§ **WHAT YOU NEED TO DO**: Take the records below and set down exactly the lines from the one with "Gold Coffee Table" to the one with "santa kissing his wife", ends included; do not copy the pictures.

§ **DATASET EXCERPTS**:
★ ★ ★ ★ ★
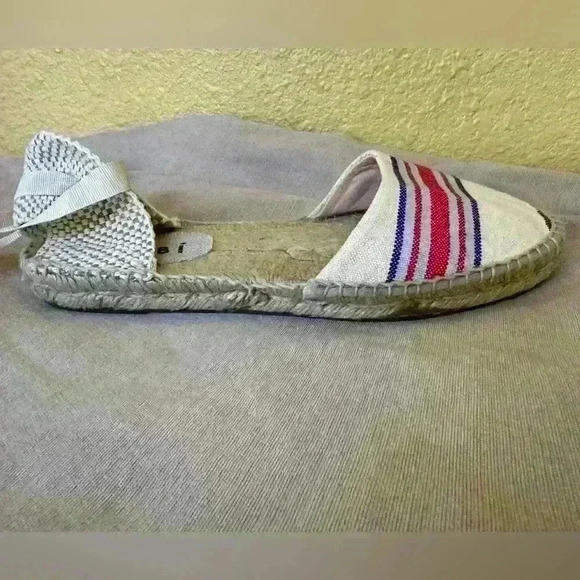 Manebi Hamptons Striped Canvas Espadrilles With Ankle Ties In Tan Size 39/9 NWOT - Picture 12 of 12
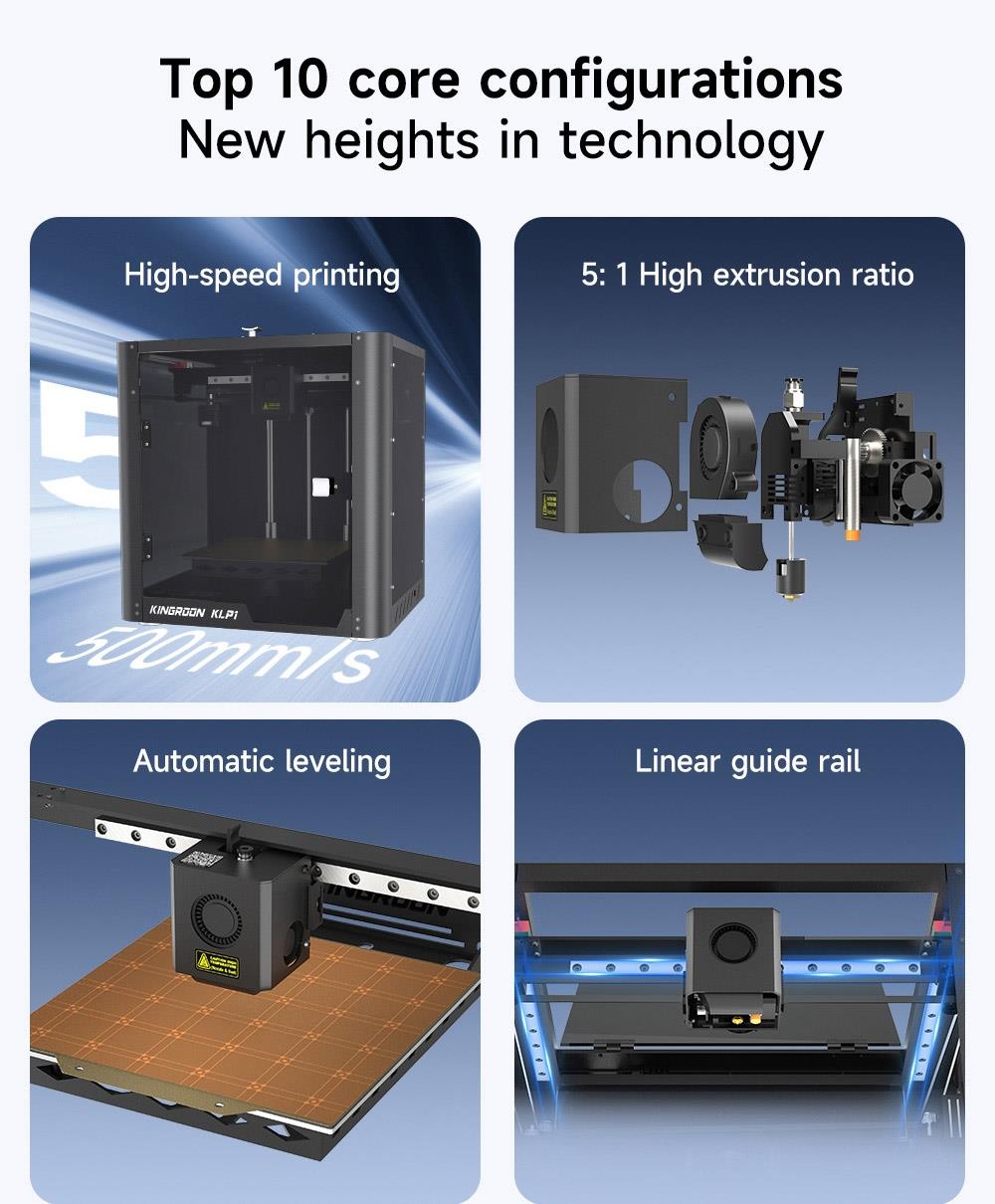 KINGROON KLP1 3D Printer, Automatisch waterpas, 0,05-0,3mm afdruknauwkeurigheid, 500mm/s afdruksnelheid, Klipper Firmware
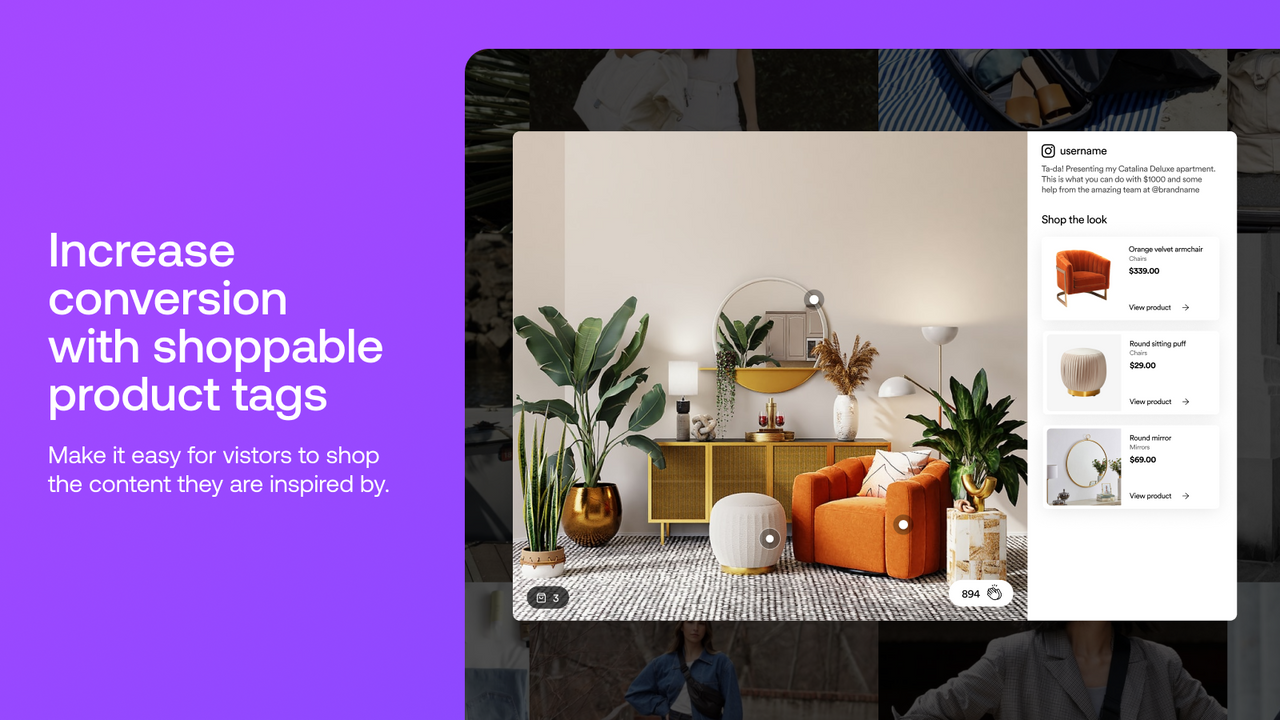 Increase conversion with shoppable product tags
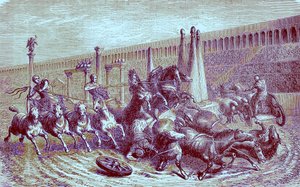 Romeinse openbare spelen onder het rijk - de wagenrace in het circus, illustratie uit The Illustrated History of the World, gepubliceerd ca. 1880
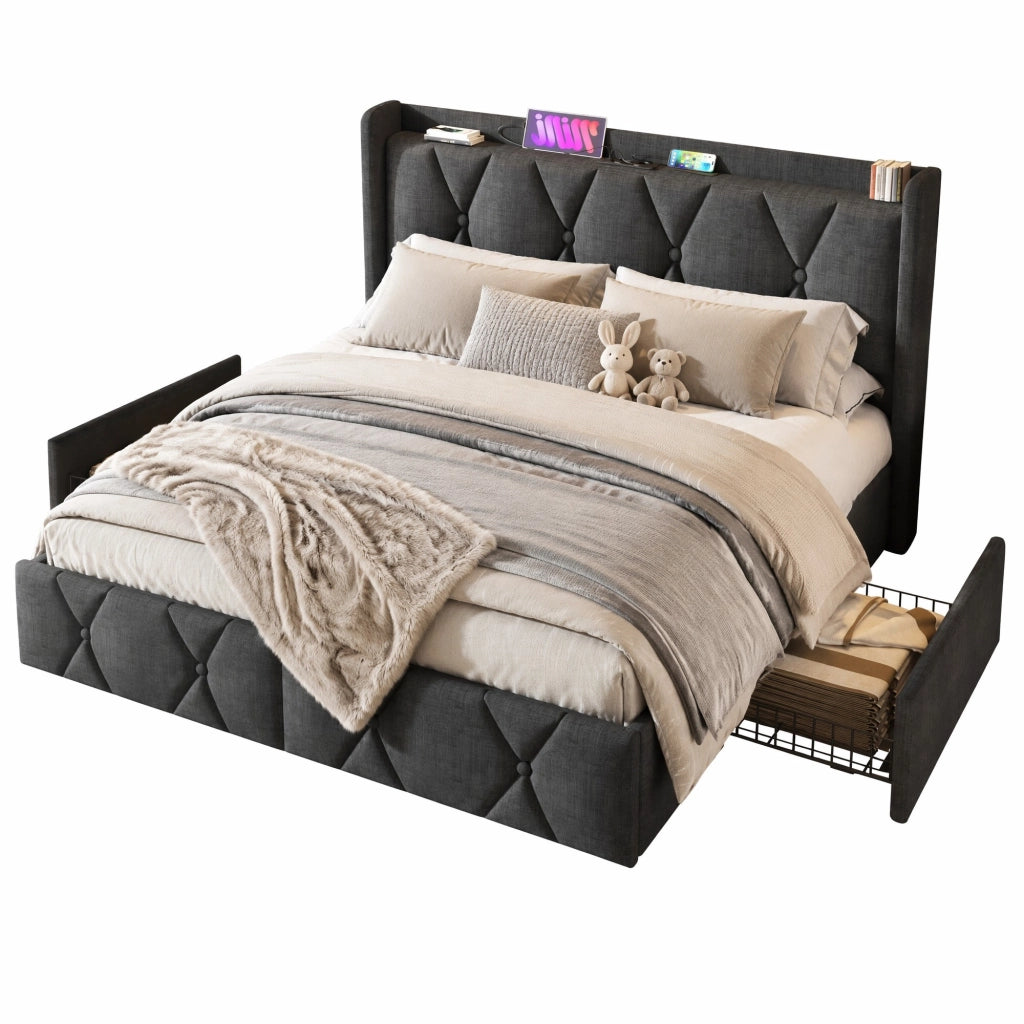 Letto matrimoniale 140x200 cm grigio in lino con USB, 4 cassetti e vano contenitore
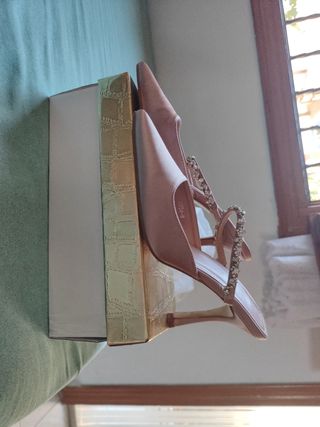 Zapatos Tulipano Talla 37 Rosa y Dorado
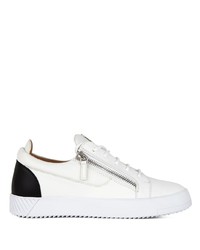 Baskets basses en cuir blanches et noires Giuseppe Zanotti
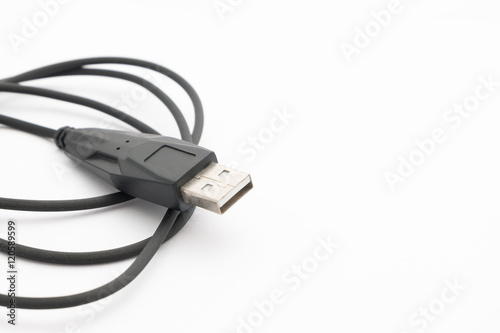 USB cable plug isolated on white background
★ ★ ★ ★ ★
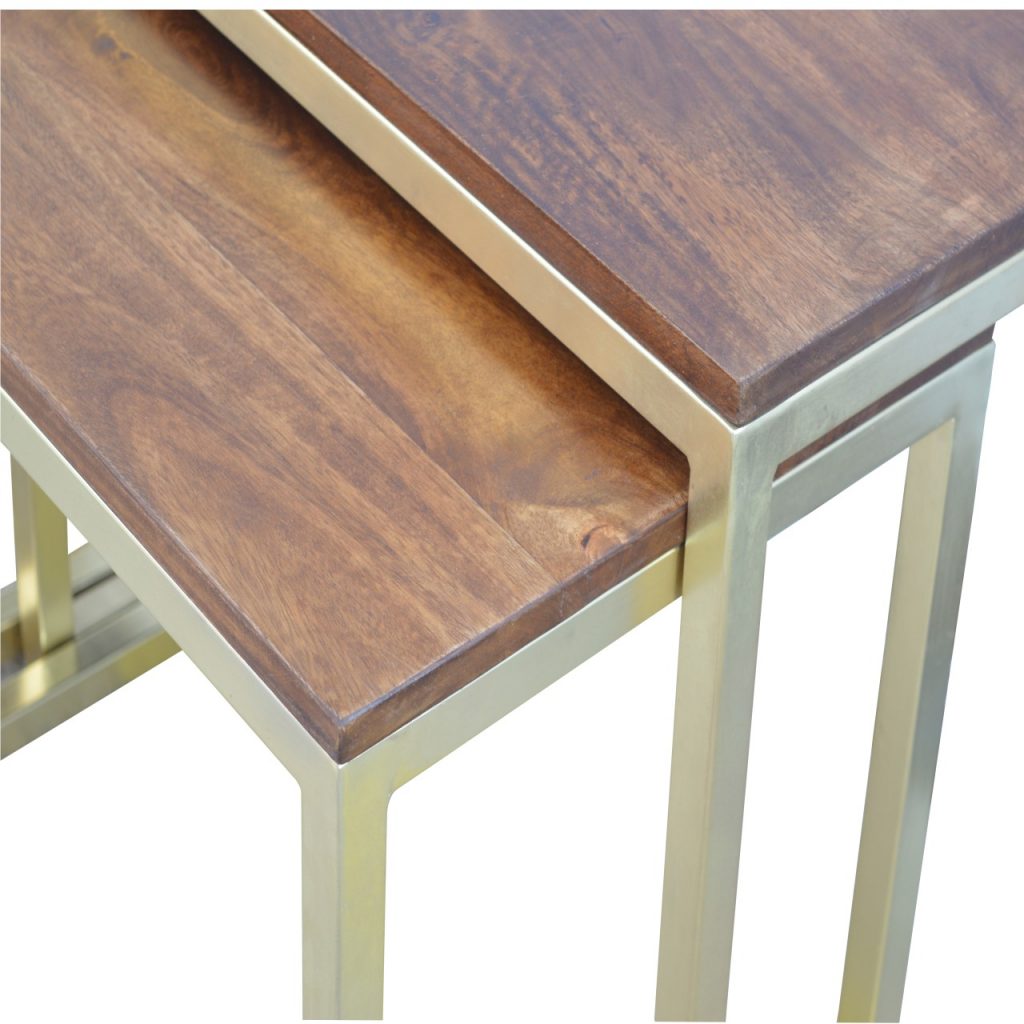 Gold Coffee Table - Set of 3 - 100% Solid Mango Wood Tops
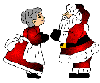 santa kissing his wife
★ ★ ★ ★ ★
§ **EXERCISE RESULT**:
 Gold Coffee Table - Set of 3 - 100% Solid Mango Wood Tops
 santa kissing his wife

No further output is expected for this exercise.